Fifteen years after the concrete foundation was first poured, Buffalo High School’s agriculture shop is set for a long-discussed expansion.
“It is a safety issue for these kids,” Superintendent Jim Wagner said during an Oct. 14 Johnson County School District board of trustees meeting. “The current space was not built to hold the number of kids and projects that are in there now. There are a lot of projects being stacked on other projects, and the kids just don’t have an adequate, safe space to work. So it’s really important that this gets done.”
The trustees voted unanimously during the meeting to contract with Plan One/Architects for the ag shop project, which could be bid out as early as next month, according to the district’s facilities manager, Kim Glasgow.
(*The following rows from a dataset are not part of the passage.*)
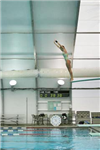 What Trick Off The Dives Are You?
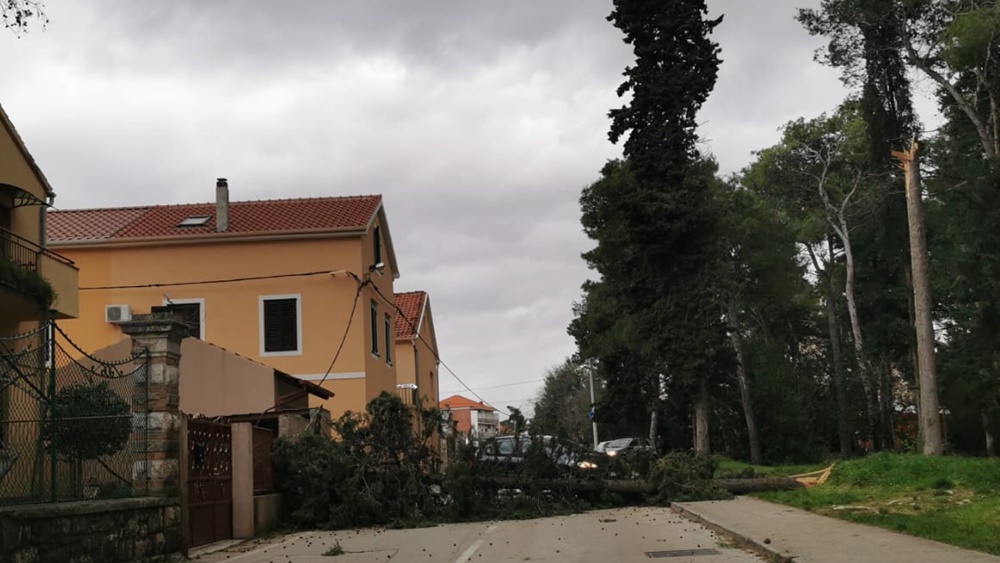 ORKANSKO JUGO RUŠI STABLA Vatrogasci imali nekoliko intervencija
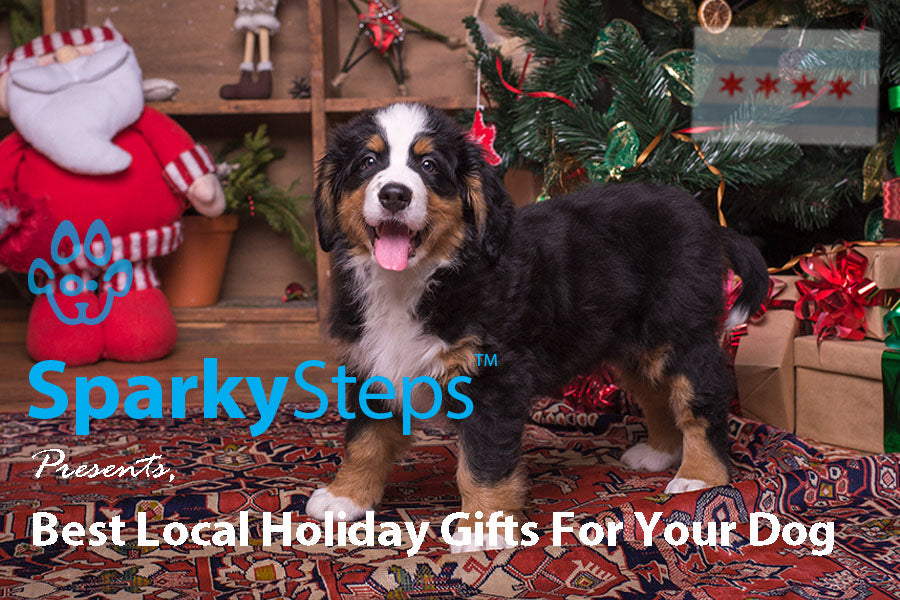Best Local Holiday Gifts For Your Dog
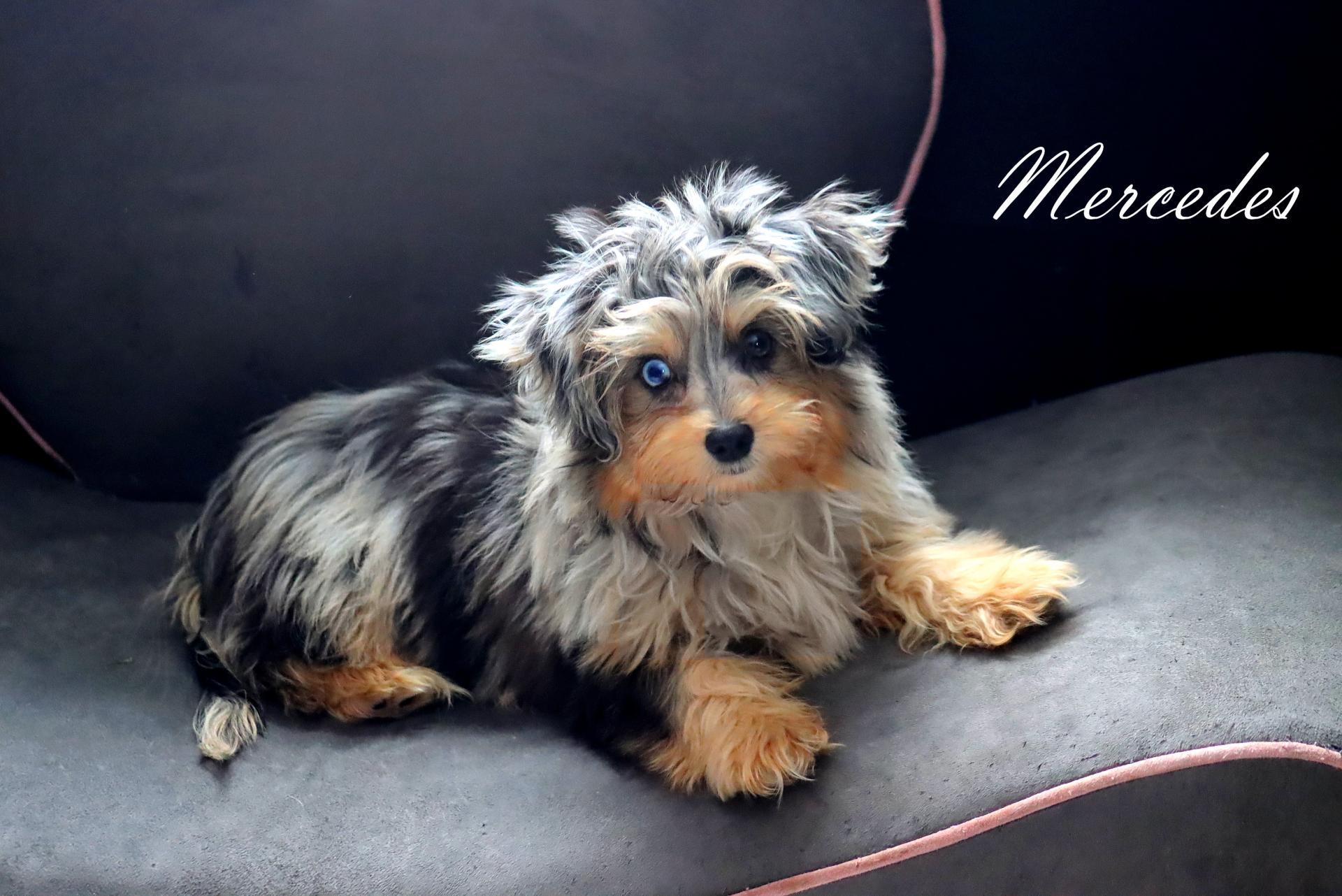 Femelle Mercedes * Morkie Merle *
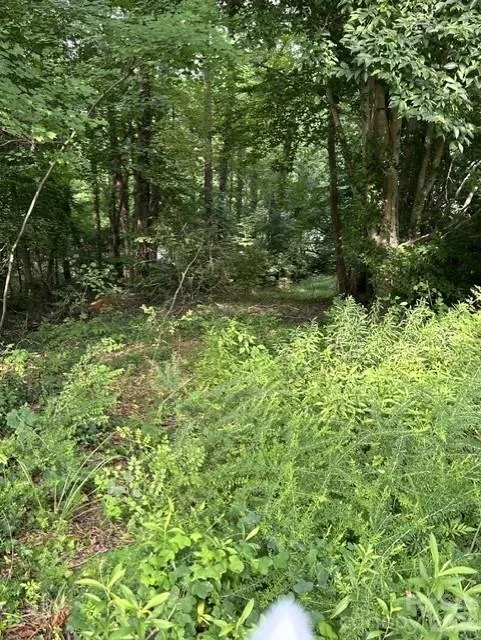 25 48th Avenue NE Hickory, NC 28601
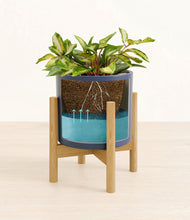 Load image into Gallery viewer, Deep Navy stand:bamboo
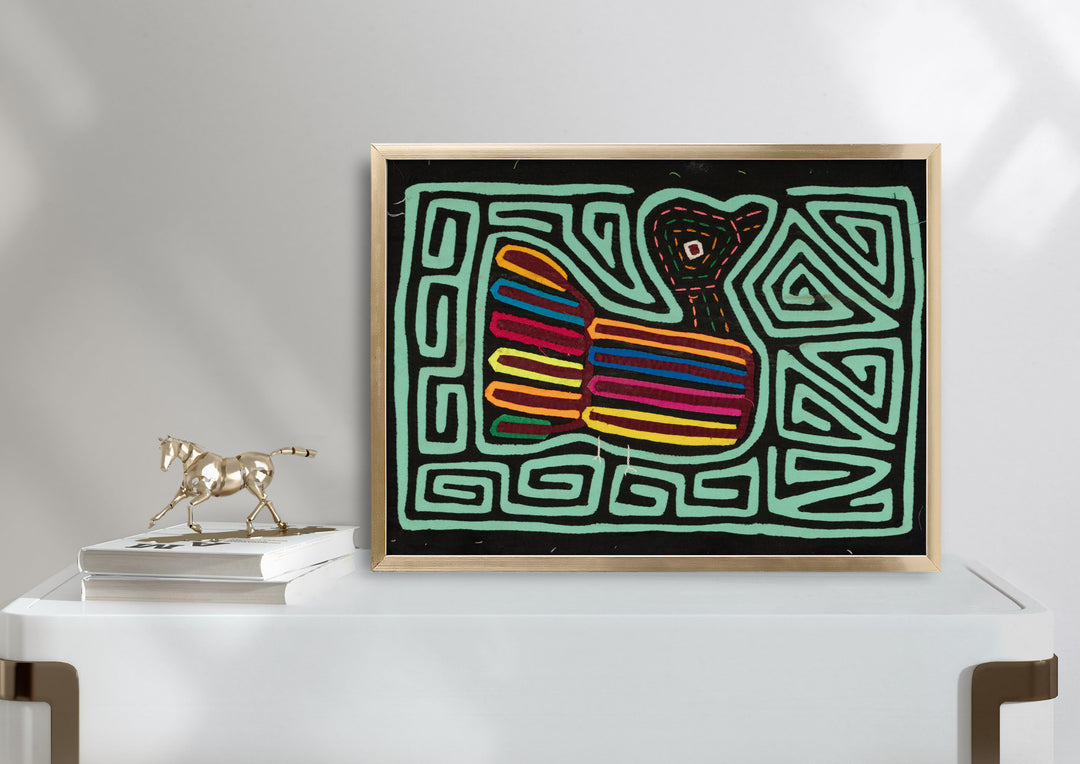 Rainbow Feather Pigeon Bird Mola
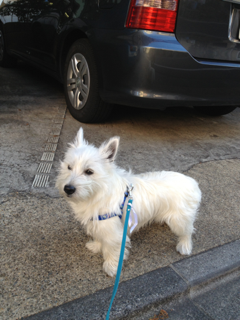 image-20121226231839.png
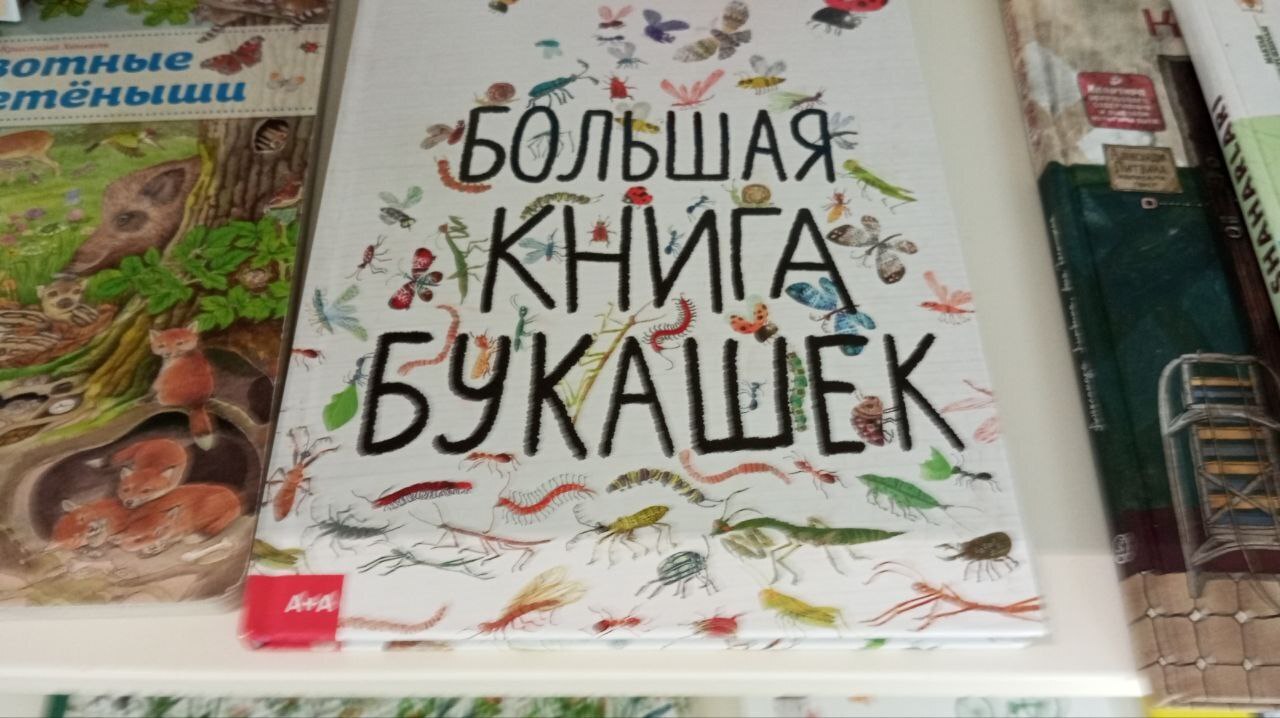 Новая бесплатная Детская Библиотека в Ташкенте, это настоящий книжный город для детей и взрослых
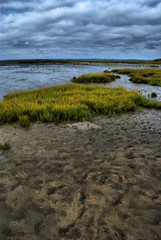 Storm at low tide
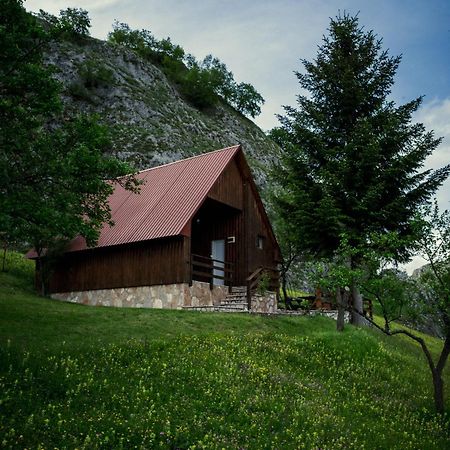 Отель Detached House Milivoje Poscenje Экстерьер фото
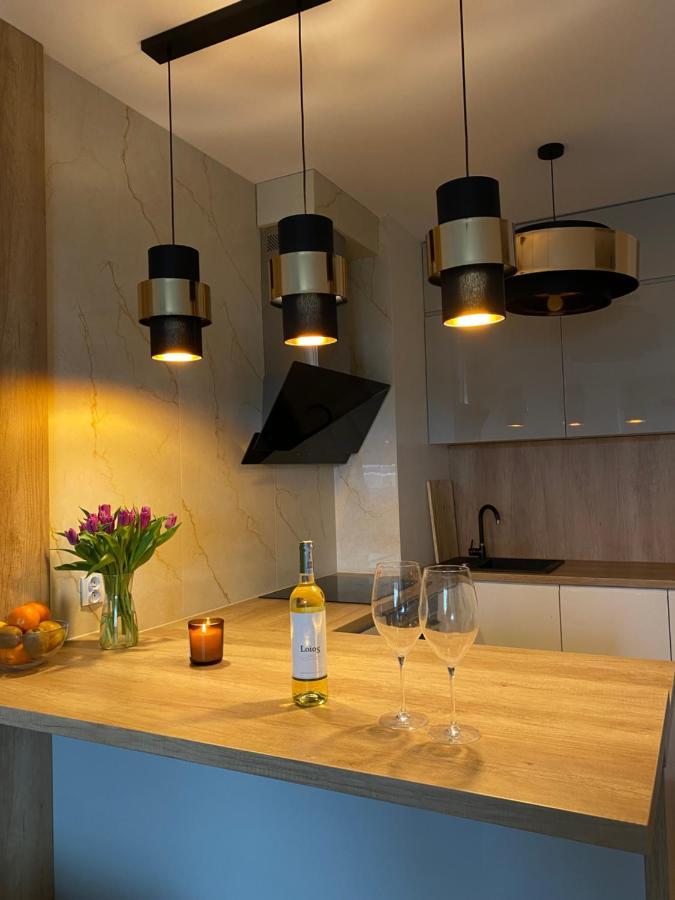 Comfortable Apartaments & Free Parking Gorzów Wielkopolski Eksteriør billede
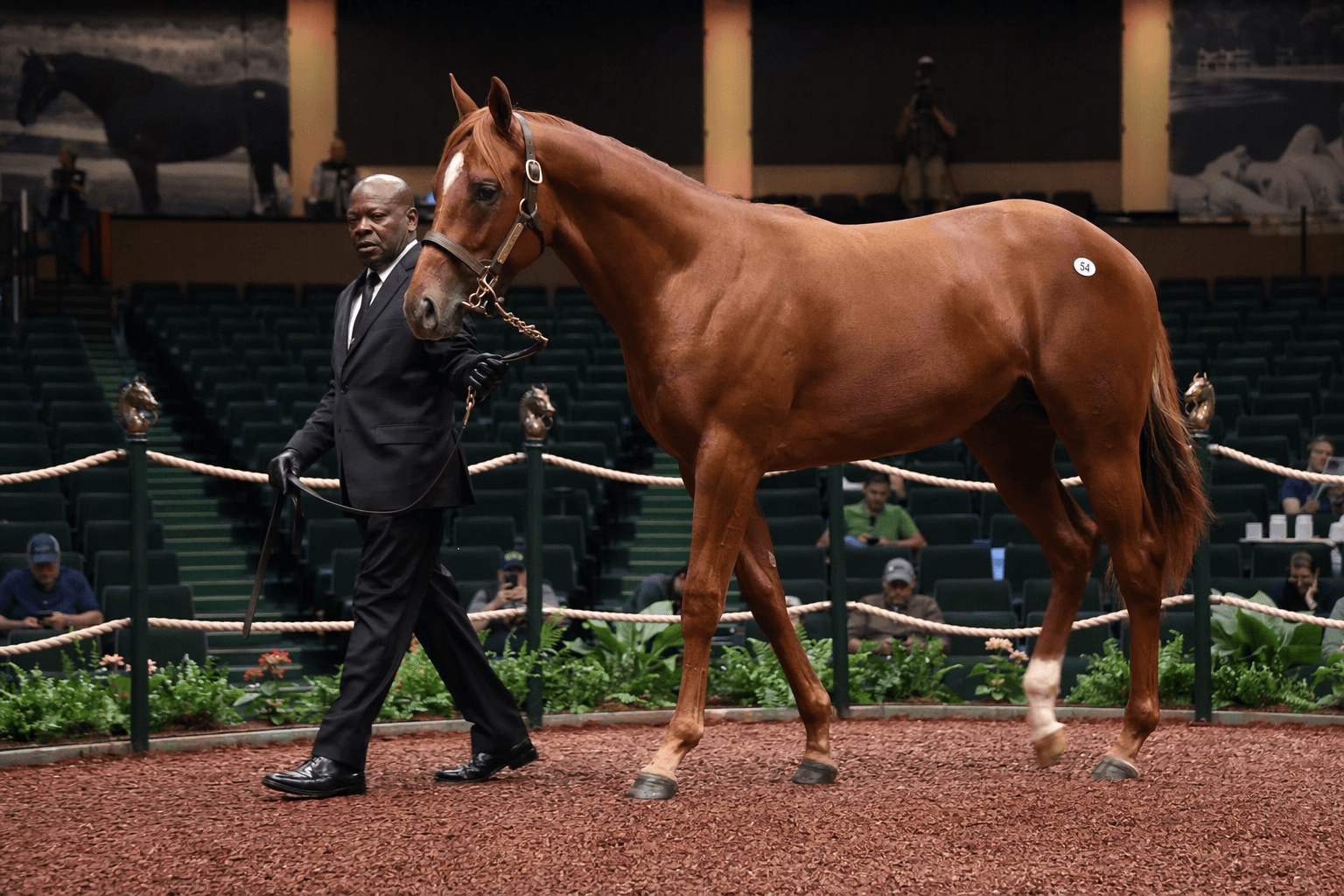 Flightline colt by Bar of Gold tops Timonium sale at $2.1 million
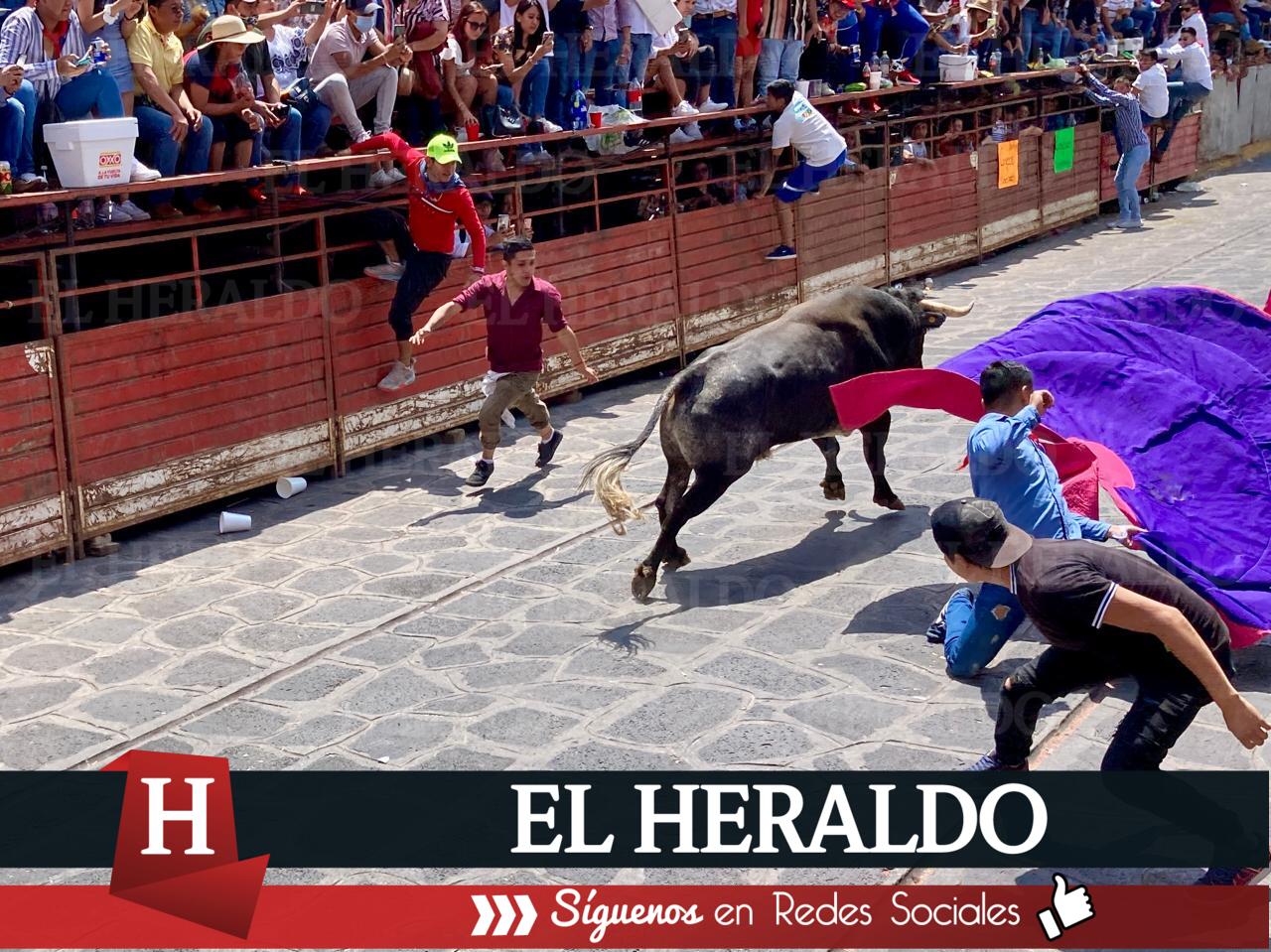 Animalistas de Veracruz exigen sanciones contra quienes realicen corridas de toros 2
Plan One/Architects, which has offices in Cheyenne, Cody and Rock Springs, was one of two companies that presented professional services fee proposals to the board. Glasgow said that Plan One/Architects had several advantages over Sheridan’s Arete Design Group. The company built the existing ag shop over a decade ago and was also able to start on the expansion earlier than Arete. The company was also the only contractor to include a “not to exceed” cost in its proposal. The cost of the project is not to exceed $37,500, according to the proposal. Arete bid the project at $28,750, but it is possible that the final cost could exceed that number, Wagner said.
“I get a little fearful when a company doesn’t give us a ‘not to exceed’ cost,” Wagner said. “I like the security of knowing it’s not going to exceed that cost. It is easier to budget that way.”
Wagner said the total project, which is estimated to cost roughly $300,000, will be paid for through the district’s special purpose funds. He noted that the project was expensive, but that it would only become more cost prohibitive in coming years.
“Ten years ago, the cost was around the $240,000 mark, and now we’re at the $300,000 mark,” Wagner said. “We never know where the costs are going to go, but we know they aren’t going down. So we either do something now or we just aren’t going to deal with it because of the cost.”
The ag shop currently enrolls 80 high school students per year in five different shop courses designed for hands-on learning, BHS agriculture teacher Jake Evans said. The existing shop space of 35 feet by 55 feet stores various projects and 36 tools, including a forge, welders, plasma torches, drill presses and a metal band saw.
Evans said the expansion project would involve removing and moving an existing nonstructural wall, adding seven outlets and four airdrops and tying into the existing lighting and air systems in the ag shop.
In September, Evans told the Bulletin that the expansion project was key for the future growth of the program and for student safety.
“We have 80 kids in the shop in five different courses,” Evans said. “It used to be 50 kids back in 2004, and we had just three shop classes. The use of that square footage has just gotten way too tight.”
Board members Dave Belus and John Manzella agreed and said that, as the state continued to focus on career and technical education opportunities for kids, it was important to provide a safe space for students to study those subjects.
“Thinking ahead and looking to the future is the way to go,” Manzella said.